Friday, January 19, 2018
8:00 AM-5:00 PM
Rogel Ballroom Michigan Union Map
This interdisciplinary, day-long event will focus on racial inequality as it manifests in relation to the lived experiences of Black Americans. Throughout the day, panelists will discuss the criminal justice system and state violence against Black people, economic inequality and immobility, inequities in healthcare and education, and issues pertaining to race and the environment.

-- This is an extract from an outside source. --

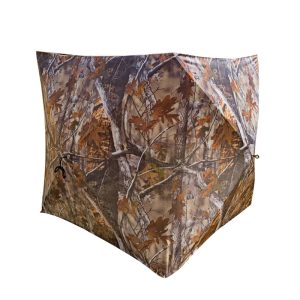 Cross-Border Outdoor Camouflage Hunting Blind, Forest Concealment Turkey Hunting Three-Sided One-Way Perspective Tent, Quick Setup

The event is co-sponsored by the College of Literature, Science, and the Arts, Poverty Solutions at the University of Michigan, the Institute for Research on Women and Gender, the Center for Political Studies, the Institute for Social Research, Political Scientists of Color, Rackham Graduate School, the School of Public Health and the Departments of Political Science, Psychology, Sociology, and History.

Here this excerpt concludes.